Die Wissenschaft bestätigt viele unserer Vermutungen über die kognitiven Vorteile des Spielens. Spielerisches Verhalten hat offensichtlich gute Auswirkungen auf das Gehirn und auf die Lernfähigkeit von Kindern. Tatsächlich kann das Spiel ein wichtiger, wenn nicht sogar ausschlaggebender Faktor für das Lernen sein.
Möchtest du Genaueres wissen? Hier einige Beispiele.
Tierversuche: Spielen verbessert das Erinnerungsvermögen und regt das Wachstum der Großhirnrinde an
1964 veröffentlichten Marion Diamond und ihre Kolleg/innen eine aufregende Studie über das Gehirnwachstum bei Ratten. Die Hirnforscher/innen hatten ein richtungweisendes Experiment durchgeführt. Bei dem hielten sie einige Ratten in langweiliger Einzelhaltung und andere in aufregenden, mit Spielzeug gefüllten Kolonien.

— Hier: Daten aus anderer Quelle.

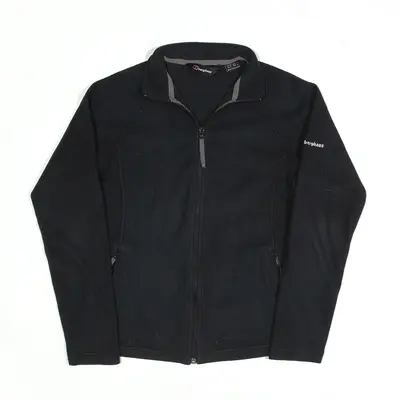 BERGHAUS Fleece Jacket Grey Womens UK 10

Als die Forscher/innen die Gehirne der Ratten untersuchten, stellten sie fest, dass die „reichen“ Ratten dickere Großhirnrinden hatten als die „armen“ Ratten.
Spätere Untersuchungen bestätigten diese Ergebnisse: Ratten, die in einer anregenden Umgebung aufwuchsen, hatten größere Gehirne. Sie waren auch schlauer – sie konnten sich schneller in einem Labyrinth zurechtfinden.
Gelten diese Vorteile des Spiels auch für Menschen? Aus ethischen Gründen können wir keine ähnlichen Experimente mit Kindern durchführen. Es ist jedoch wahrscheinlich, dass das menschliche Gehirn ähnlich auf Spiel und Erkundung reagiert.
Spiel und Erkundung lösen die Ausschüttung von BDNF aus, einer Substanz, die für das Wachstum von Gehirnzellen unerlässlich ist
Auch hier hat noch niemand einen akzeptablen Weg gefunden, dies an Menschen zu testen, daher stammen die Erkenntnisse von Ratten. Nach einer Runde Rumtoben zeigen Ratten erhöhte Werte des neurotrophen Faktors (BDNF) in ihren Gehirnen.
BDNF ist wichtig für das Wachstum und die Erhaltung von Gehirnzellen. Der BDNF-Spiegel erhöht sich zudem, wenn die Ratten spielen dürfen.
Kinder konzentrieren sich besser bei schulischen Aufgaben, wenn sie häufig und für kurze Zeit Gelegenheit zum eigenständigen Spielen erhalten
Mehrere experimentelle Studien zeigen, dass Schulkinder nach einer Pause mehr Aufmerksamkeit für akademische Aufgaben aufbringen – einer unstrukturierten Pause, in der die Kinder frei und ohne Anleitung von Erwachsenen spielen können.
Es gibt auch einige Indizien dafür: Chinesische und japanische Schüler/innen, die zu den leistungsstärksten der Welt gehören, besuchen Schulen, die im Abstand von 50 Minuten kurze Pausen einlegen.
Beachte, dass der Sportunterricht kein effektiver Ersatz für freies Spielen ist.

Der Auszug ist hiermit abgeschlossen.